My experience setting up the google AIY voice kit
I received the kit as a christmas present and while the official instructions look very simple, there's a lot to be figured out. Many things are not compatible, unnecessarily confusing and not working out-of-the-box as you might expect. I'll try to summarize the problems I encountered here.
Voice recognition with the voicekit can be done with the following two options:
- Using the local google-assistant-library for python (can't be done with a Pi Zero W). This only offers english as the input language.
- Using google cloud service (requires a google billing account. In the EU this cannot be done without a commercial account)
As a german citizen, this left me with only the first option and I have no idea if german will be supported by the library.
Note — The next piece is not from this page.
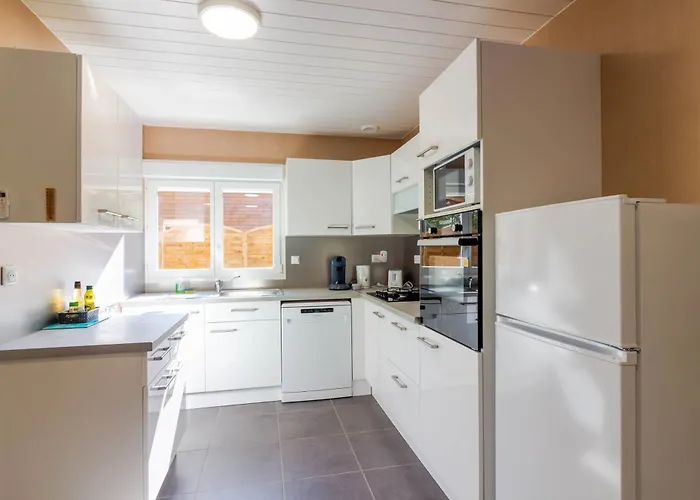 4 De L'oree Du Bois *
Many resources on this topic deal with a different point in time. 6 months ago the folders were named differently, the standard image did work with a Pi Zero W and more config was needed. All of this made googling for solutions not as easy as I wished.
The hardware
In addition to the voice kit, you will need the following things:
- a micro sd card that will contain the operating system and a SD card adapter to write data onto it
- a power supply that reliably outputs 2+ Amps (some PSUs are labelled 2.5A but dont provide that much power, I ended up buying this), otherwise you'll be stuck in a boot loop
- A Raspberry Pi 3B. Save yourself the time and DON'T pick a Zero W. Why?
- You'll need a mini-HDMI adapter and a USB OTG cable for mouse/keyboard
- The image that google currently recommends comes with python binaries that were compiled for ARMv7. The Zero W has an ARMv6 cpu which cannot execute those binaries. You will get an Illegal Instruction error.
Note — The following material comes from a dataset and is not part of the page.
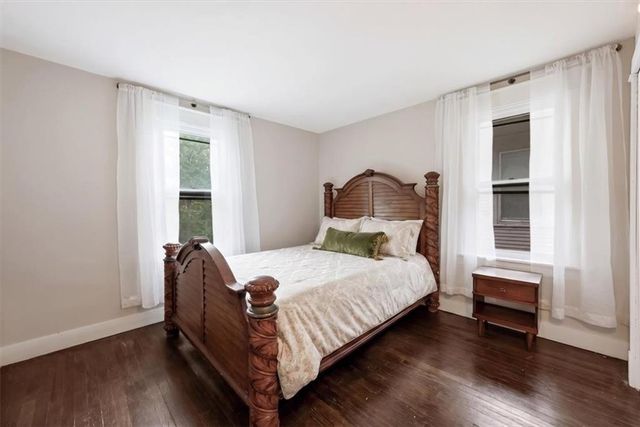 3709 Walnut Street, Kansas City, MO 64111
- You can work around this issue using an older version of the aiyprojects-raspbian image that contains binaries compatible to ARMv6. But there is no official way to download older versions. I used an image downloaded from some dude's dropbox (from this tutorial), which I do not recommend (No offense, LukeK1990). That older version has a funny bug that makes the Pi not find SSIDs on channels 12 and 13. Guess what channel my wifi was on.
- The google assistant library for python is not available for ARMv6. Taken from one of the setup scripts:
# The google-assistant-library is only available on ARMv7.
if [[ "$(uname -m)" == "armv7l" ]] ; then
env/bin/pip install google-assistant-library==0.0.3
fi - ...just use a Raspberry Pi 3B.
- If you do the setup correctly, your device should show up in your wifi or ethernet with ssh running. If not, you will need a mouse, keyboard and monitor (with hdmi or an adapter) to see what your Pi is doing.
The Setup
Assemble the physical parts just like the official instructions state. Before the first boot, modify the image on your SD card for headless mode so you can access it using ssh over the network.
Wifi
If you choose to use wifi to get your Pi into your network, place a file called wpa_supplicant.conf into the root of the sd card. Put the following text inside it:
network={
ssid="your-wifi-ssid"
psk="your-wifi-password"
}
This will cause raspbian to copy that file to /etc/wpa_supplicant/wpa_supplicant.conf, making the wlan0 interface connect to your wifi.
ssh
Place a file called ssh (without a file extension) to your sd card root. That will make sshd start on startup, which, by default, doesn't.
Start it!
Put the micro SD card in the slot, then plug in the power. The device should show up in your network after a minute. Your can then ssh into it using the credentials pi/raspberry. It is recommended to change the password using passwd
If your want to access the desktop remotely, the easiest way is to start the vnc service via the raspian's desktop start menu using Raspberry Config.
The confusing part
The python project on the image is a clone of the git repo at https://github.com/google/aiyprojects-raspbian. That repo has several branches, each of which seem to serve some purpose. And the different images of aiyprojects-raspbian come with a clone of different branches. And the official instructions switch the version of the image without a changelog or telling you about it.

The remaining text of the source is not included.